Point in Polygon & Intersect¶
Finding out if a certain point is located inside or outside of an area, or finding out if a line intersects with another line or polygon are fundamental geospatial operations that are often used e.g. to select data based on location. Such spatial queries are one of the typical first steps of the workflow when doing spatial analysis. Performing a spatial join (will be introduced later) between two spatial datasets is one of the most typical applications where Point in Polygon (PIP) query is used.
Following materials are partly based on documentation of Shapely, Geopandas and Lawhead, J. (2013), Chapters I and V.
How to check if point is inside a polygon?¶
Computationally, detecting if a point is inside a polygon is most commonly done using a specific formula called Ray Casting algorithm. Luckily, we do not need to create such a function ourselves for conducting the Point in Polygon (PIP) query. Instead, we can take advantage of Shapely’s binary predicates that can evaluate the topolocical relationships between geographical objects, such as the PIP as we’re interested here.

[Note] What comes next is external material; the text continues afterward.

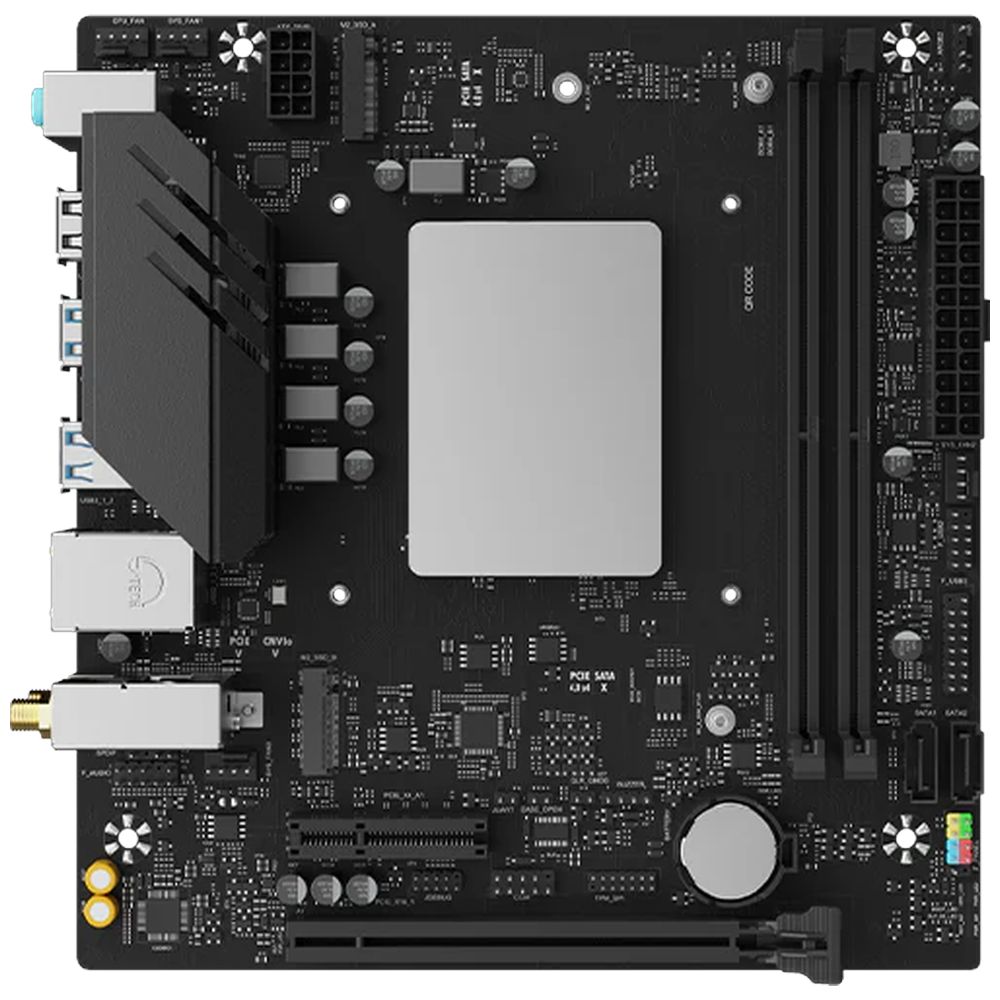 Материнская плата Maxsun MS-MoDT 230H D4 WIFI 230H, SoC, 2xDDR4, 1*PCIEx16, 1*PCIEx4, 2*M.2, 6*USB3.2Gen1, 6*USB2.0, 2*SATA3.0, 1G, M-ATX, OEM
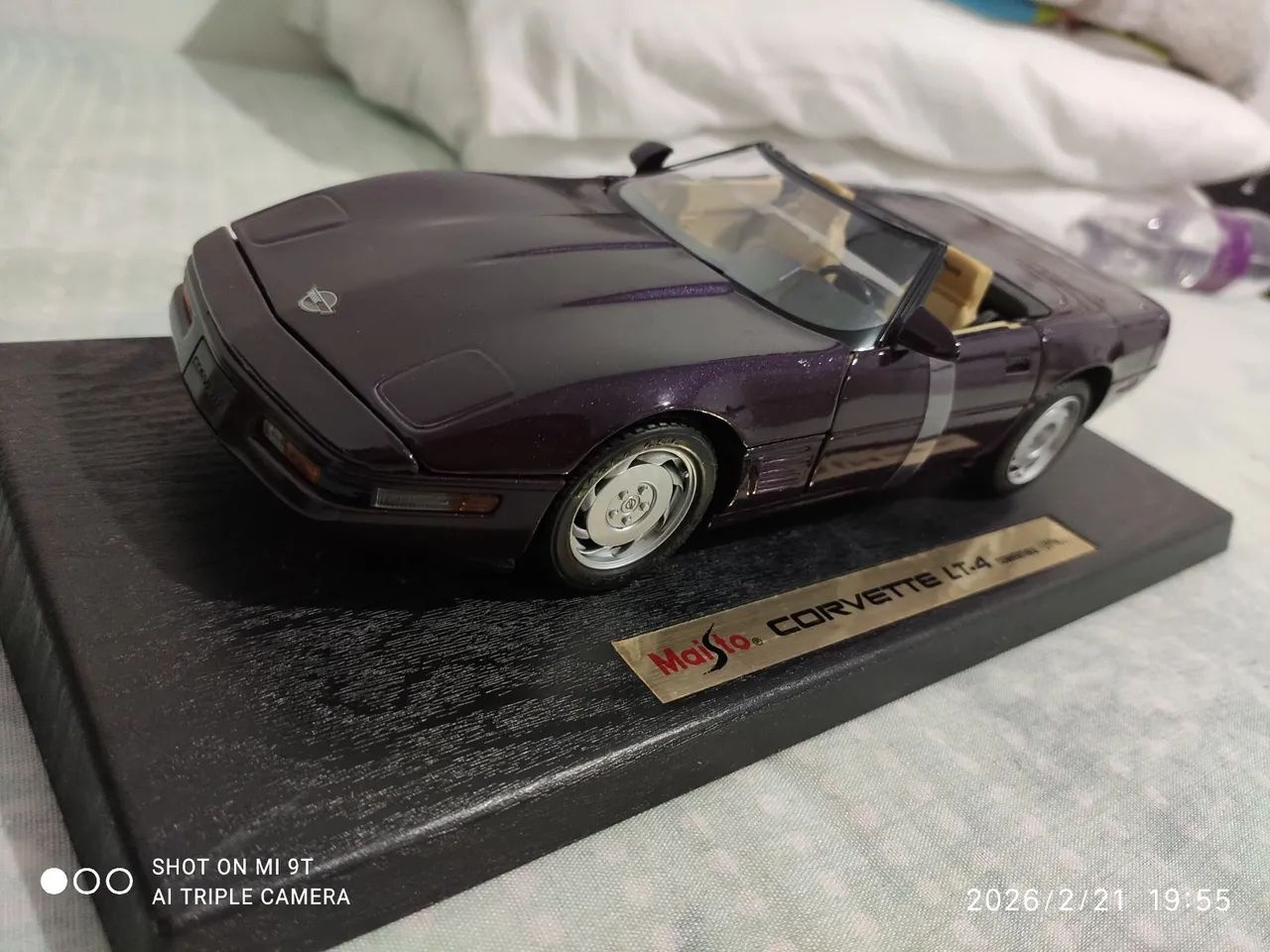 VENDE SE CORVETE LT-4 MINIATURA (MAISTO) - Foto 6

There are basically two ways of conducting PIP in Shapely:
- using a function called .within() that checks if a point is within a polygon
- using a function called .contains() that checks if a polygon contains a point
Notice: even though we are talking here about Point in Polygon operation, it is also possible to check if a LineString or Polygon is inside another Polygon.
- Let’s first create a Polygon using a list of coordinate-tuples and a couple of Point objects
from shapely.geometry import Point, Polygon # Create Point objects p1 = Point(24.952242, 60.1696017) p2 = Point(24.976567, 60.1612500) # Create a Polygon coords = [(24.950899, 60.169158), (24.953492, 60.169158), (24.953510, 60.170104), (24.950958, 60.169990)] poly = Polygon(coords)
# Let's check what we have In : print(p1) POINT (24.952242 60.1696017) In : print(p2)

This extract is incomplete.